From Friday's Globe and Mail

Harvey Mackay talks to you like an old friend - even if he's never met you before. There's no such thing as a cold call for the homespun author of the new book Use Your Head to Get Your Foot in the Door: Job Search Secrets No One Else Will Tell You. Before he contacts you, he's researched what school you went to, your favourite sport and charity, and the work issues that probably keep you awake at night. It's the kind of extra effort that job seekers will have to make to get the ear of hiring managers in today's crowded job market, and for a long time to come, Mr. Mackay, the author of five previous career advice books, tells Wallace Immen.

Here are excerpts of their conversation:

***

You say job seekers will have to work harder than ever to even get an interview. Isn't the job market improving?

There's simply going to be more competition and fewer jobs for a long time to come. Every indication I see is that the job market will take much longer to recover from the recession than most experts are predicting.

Not only have huge contracts and signing bonuses gone the way of the dodo, a lot of MBAs and finance majors who thought they had tickets to turbocharged careers are on the street looking for jobs like everyone else.

Politicians and economists aren't telling the truth about the recovery when they say it is going to get back to normal. Friends I have in business are still telling me their sales are down 20 to 40 per cent from two years ago.

The jobless numbers aren't giving the whole picture, because they don't count people who have dropped out of the market because they can't find anything. And many of the jobs they count as created are part-time rather than full-time. So where there might have been a dozen candidates for a job opening before the recession, today there may be 100. So you've really got to find an edge to get a hiring manager to listen to you, let alone remember what you have to say.

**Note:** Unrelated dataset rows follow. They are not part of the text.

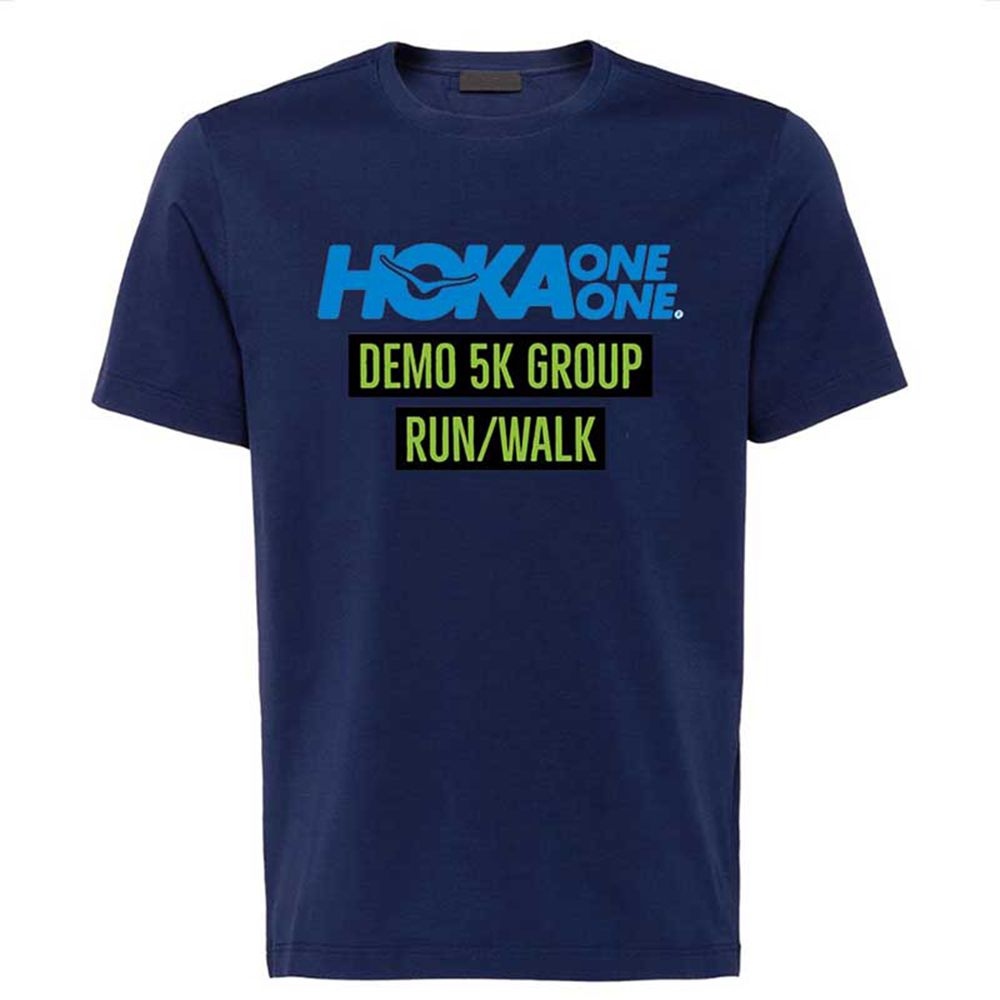 Hoka Mens Tee NZ - Hoka O Neck Summer And Generous Cotton Navy Blue (ZJG489705)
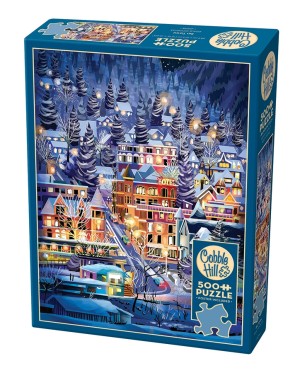 Cobble Hill: Ski Town (500XL) verticale puzzel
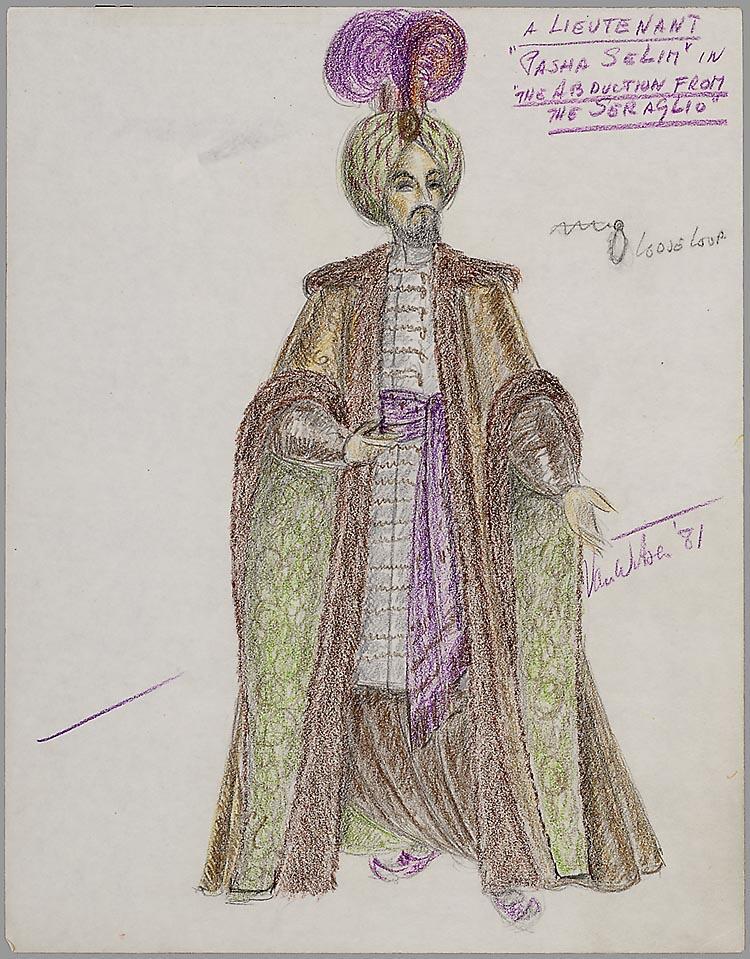 Kostuumontwerp voor Pasha Selim in The Abduction from the Seraglio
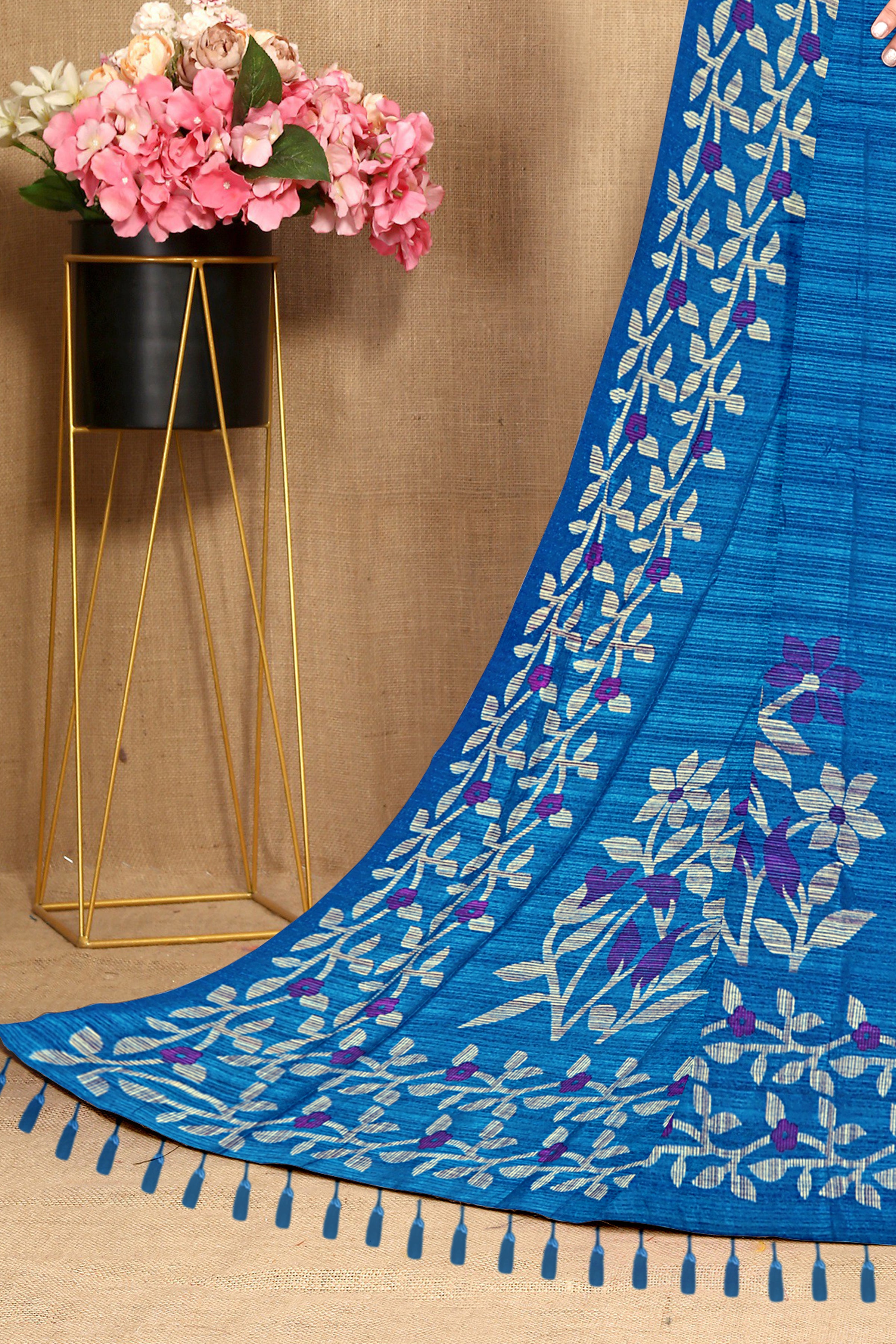 Blooming Vines Embroidered Cotton Saree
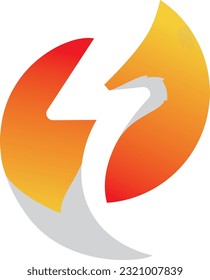 logo combination made from fox with negative space of bolt or energy or electric logo, logo template.
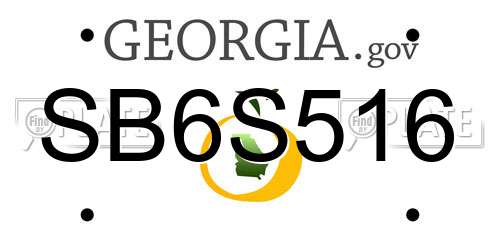 SB6S516 Georgia License Plate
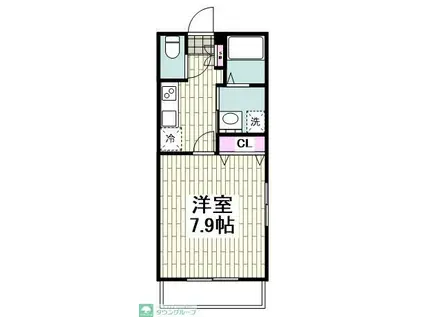 BAYSHORE(1K/2階)の間取り写真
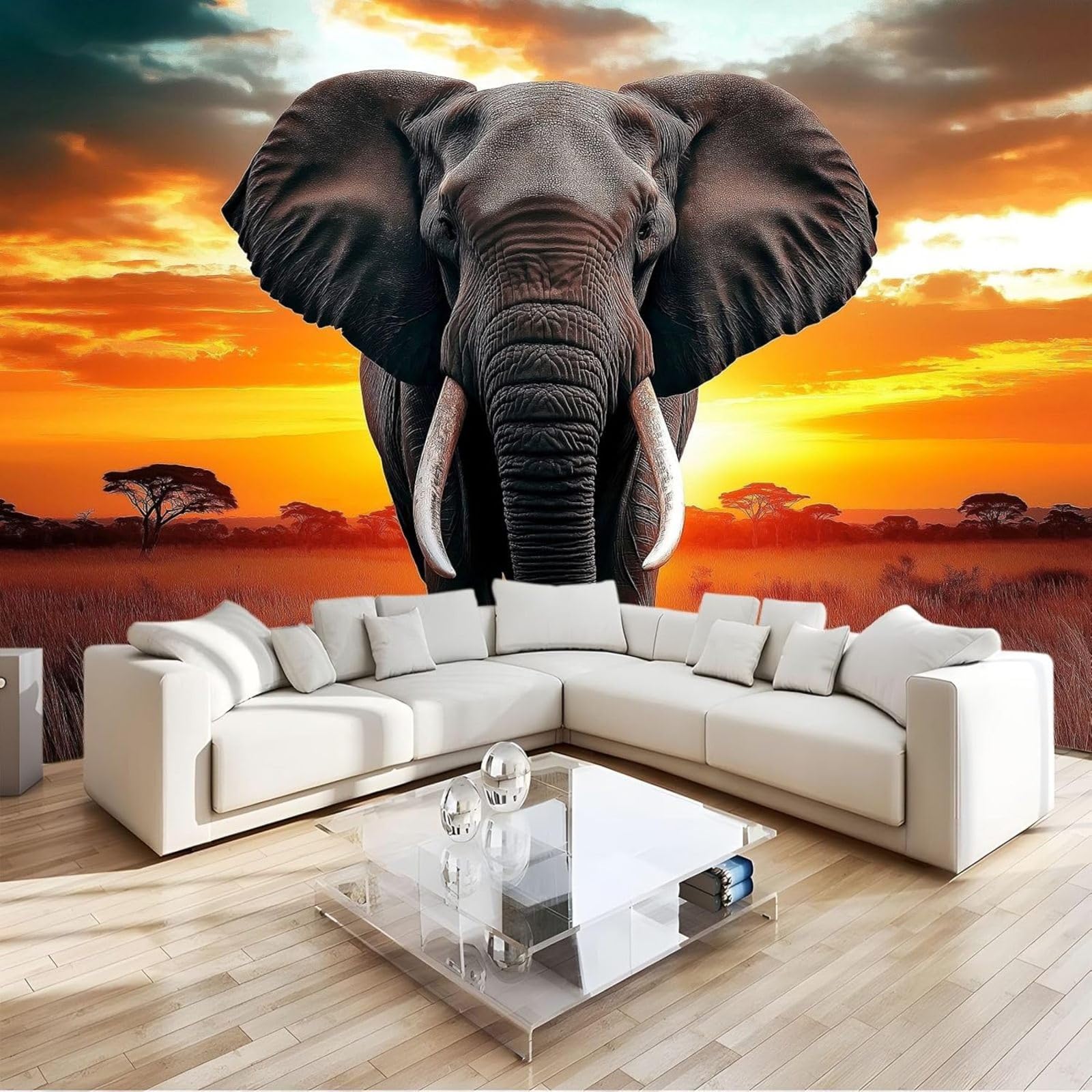hgjdjhnf Photo Wallpaper Sunset Over African Elephant Non-Woven Wallpaper Modern wall Mural Living Room Bedroom Wall Art Wall, Orange, 430cm x 300cm Stickers - Frameless Painting - Poster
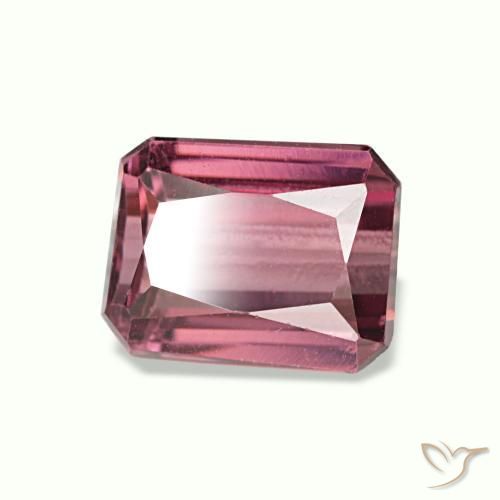 Granato rodolite naturale rosso da 1,36 ct, taglio smeraldo, VVS-VS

Still, competition has always been stiff. What's new about doing them one better?

The old saying is that searching for a job is your job. Now you should be working even harder in a job hunt than you would on a job. It requires getting a daily job hunt routine and it's no exaggeration to say you should be sticking to it 12 hours a day.

You need to know more than you ever thought you could, or should, about your interviewer and the company you might be working for.

Googling the company is just not enough, because everyone does that. A neat source of insider information that hardly anyone thinks to use is your local library. Librarians can help walk you through how to access business data bases, trade journals, newspapers and annual reports that aren't available free anywhere else.

Another terrific move I recommend is to scope out competitors of the company you hope to work for and informally contact current or former employees of either your target company or a competitor who can give you some idea of the corporate culture and priorities of management.

How do you get a reluctant hiring manager to open a closed door?

Most people focus so much on themselves and the how of getting a job that they don't connect with the people who can say yes to hiring them or steer them to a job opening. To get an edge, you have to understand that the person interviewing you is Numero Uno. I've been accused of being overzealous in finding ways to get their attention, but you can make an unwilling contact a friend by discovering things you have in common.